DATA LISTING>
####################

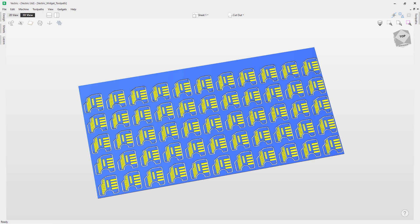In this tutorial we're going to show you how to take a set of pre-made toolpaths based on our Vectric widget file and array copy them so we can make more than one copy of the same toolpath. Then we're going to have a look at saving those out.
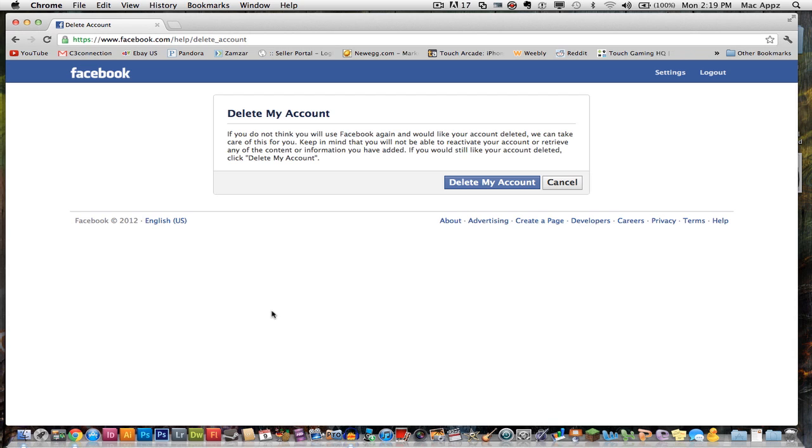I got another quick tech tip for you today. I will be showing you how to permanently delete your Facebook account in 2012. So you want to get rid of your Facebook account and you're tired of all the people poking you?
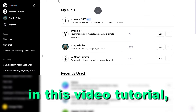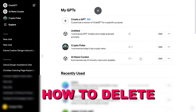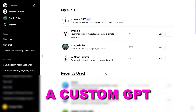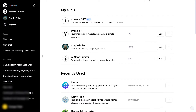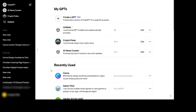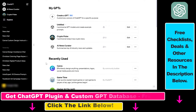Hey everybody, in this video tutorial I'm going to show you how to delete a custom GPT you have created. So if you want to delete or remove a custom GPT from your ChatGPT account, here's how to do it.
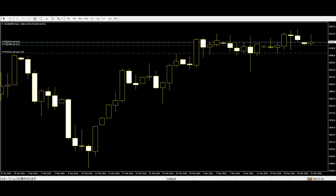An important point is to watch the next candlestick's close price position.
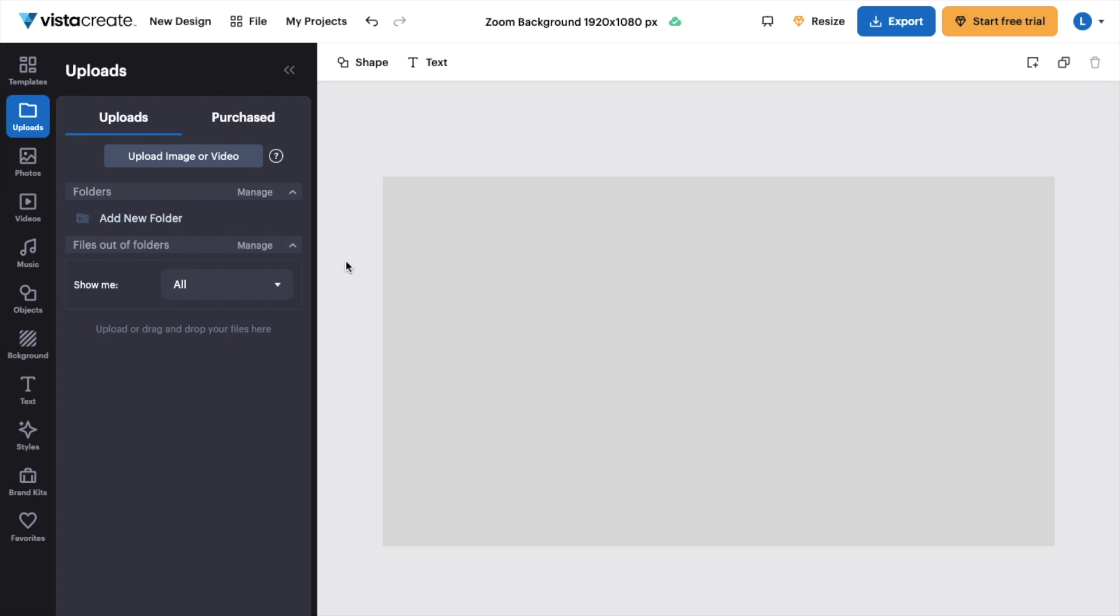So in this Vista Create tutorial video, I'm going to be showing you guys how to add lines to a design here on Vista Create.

####################

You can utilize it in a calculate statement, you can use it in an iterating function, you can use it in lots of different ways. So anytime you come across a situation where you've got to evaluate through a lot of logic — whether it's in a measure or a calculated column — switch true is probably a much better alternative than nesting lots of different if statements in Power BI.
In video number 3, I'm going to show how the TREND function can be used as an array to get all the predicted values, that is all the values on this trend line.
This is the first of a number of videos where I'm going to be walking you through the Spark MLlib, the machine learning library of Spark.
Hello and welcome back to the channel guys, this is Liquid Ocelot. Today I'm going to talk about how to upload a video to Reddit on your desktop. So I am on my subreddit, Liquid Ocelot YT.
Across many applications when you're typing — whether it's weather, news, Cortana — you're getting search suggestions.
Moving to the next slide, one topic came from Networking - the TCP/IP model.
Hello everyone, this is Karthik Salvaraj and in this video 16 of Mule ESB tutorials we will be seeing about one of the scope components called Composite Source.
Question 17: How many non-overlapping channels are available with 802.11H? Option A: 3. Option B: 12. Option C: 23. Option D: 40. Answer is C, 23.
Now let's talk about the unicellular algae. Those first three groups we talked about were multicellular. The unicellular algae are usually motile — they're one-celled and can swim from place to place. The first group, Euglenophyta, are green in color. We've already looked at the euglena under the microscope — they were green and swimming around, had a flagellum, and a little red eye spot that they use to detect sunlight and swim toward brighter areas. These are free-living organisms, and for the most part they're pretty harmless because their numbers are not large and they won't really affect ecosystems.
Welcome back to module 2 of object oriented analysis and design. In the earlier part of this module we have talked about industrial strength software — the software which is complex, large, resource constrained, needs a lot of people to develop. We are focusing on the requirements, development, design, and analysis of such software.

####################

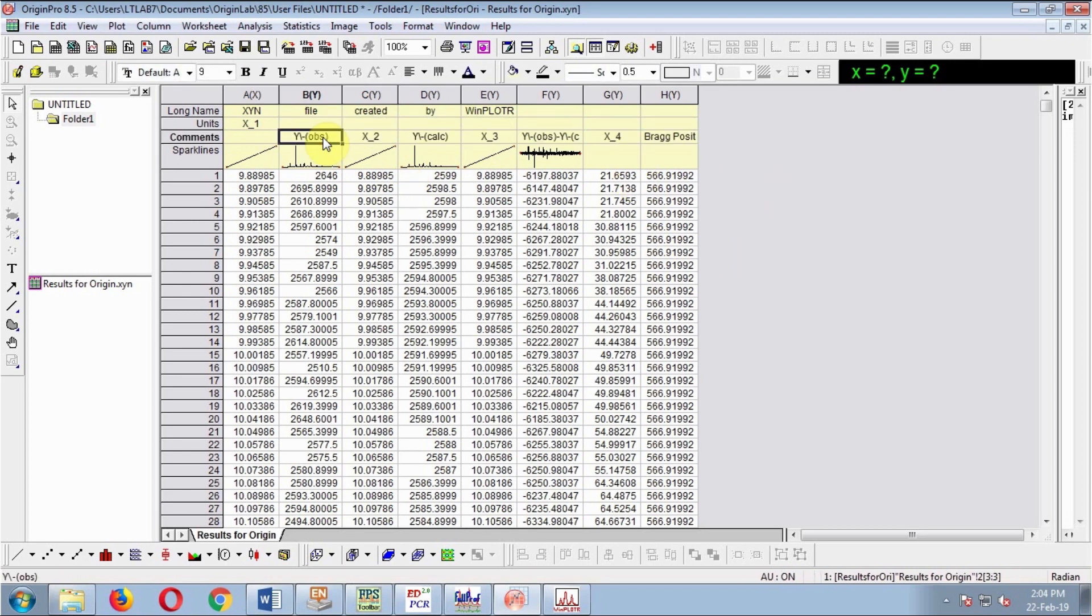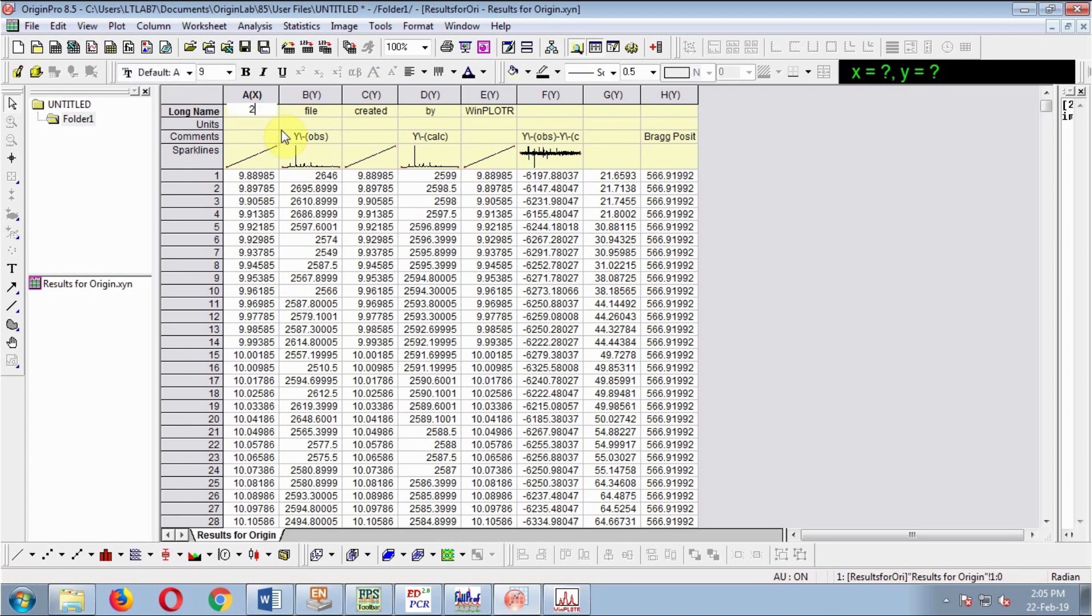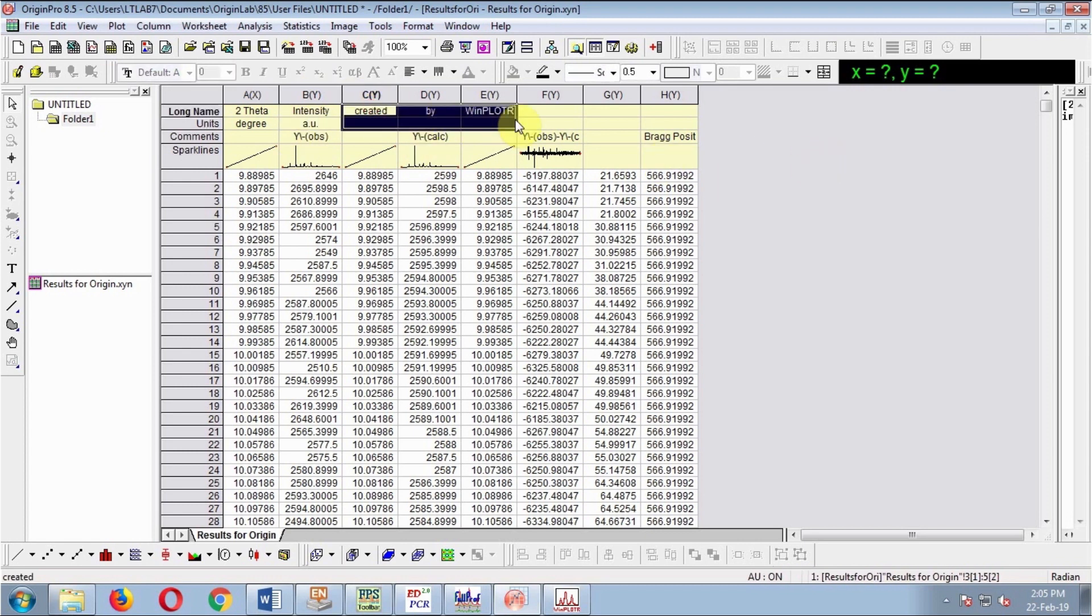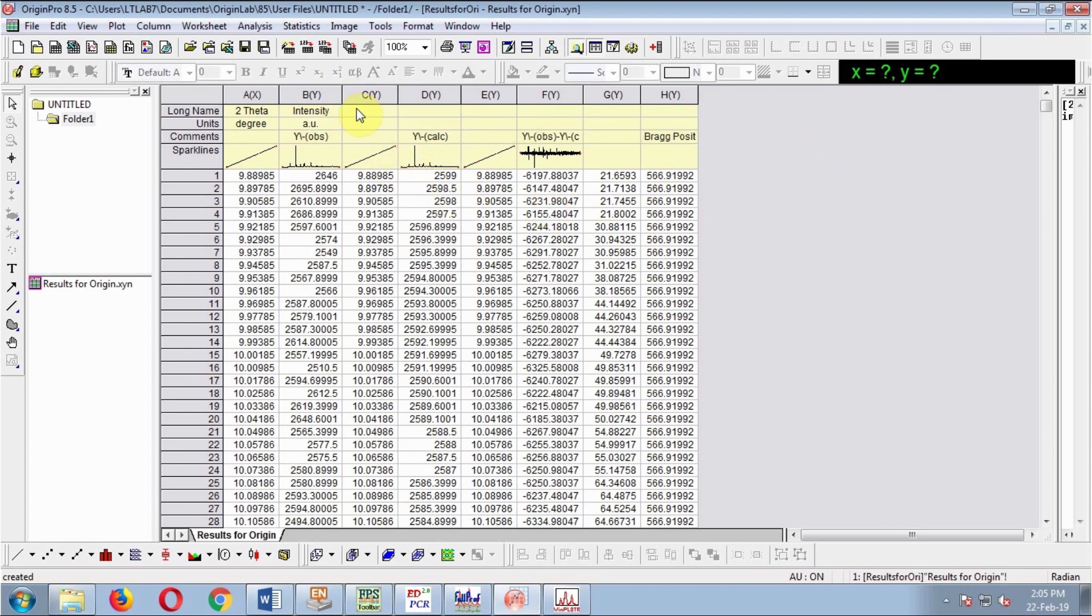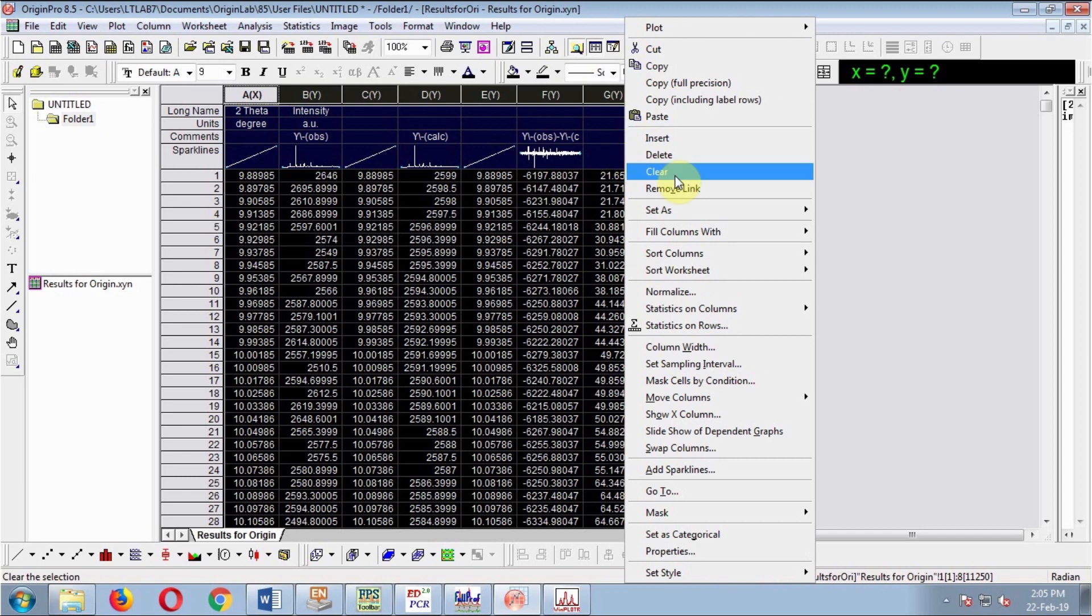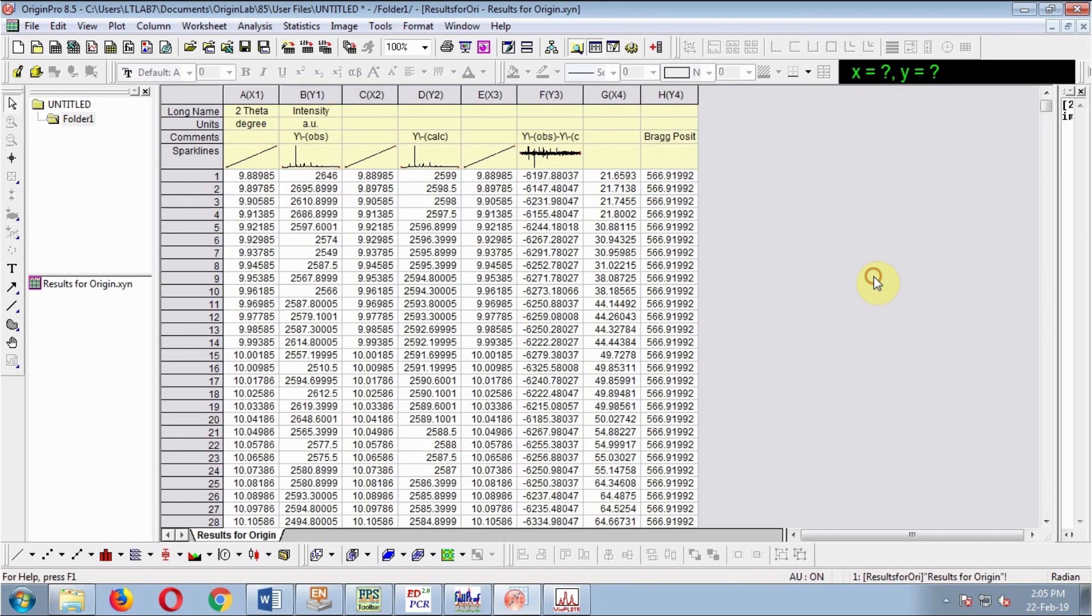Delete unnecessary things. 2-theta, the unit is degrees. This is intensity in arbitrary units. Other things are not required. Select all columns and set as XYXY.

####################

Look through the listing and return each line containing the word "first".

This is the first of a number of videos where I'm going to be walking you through the Spark MLlib, the machine learning library of Spark.
Now let's talk about the unicellular algae. Those first three groups we talked about were multicellular. The unicellular algae are usually motile — they're one-celled and can swim from place to place. The first group, Euglenophyta, are green in color. We've already looked at the euglena under the microscope — they were green and swimming around, had a flagellum, and a little red eye spot that they use to detect sunlight and swim toward brighter areas. These are free-living organisms, and for the most part they're pretty harmless because their numbers are not large and they won't really affect ecosystems.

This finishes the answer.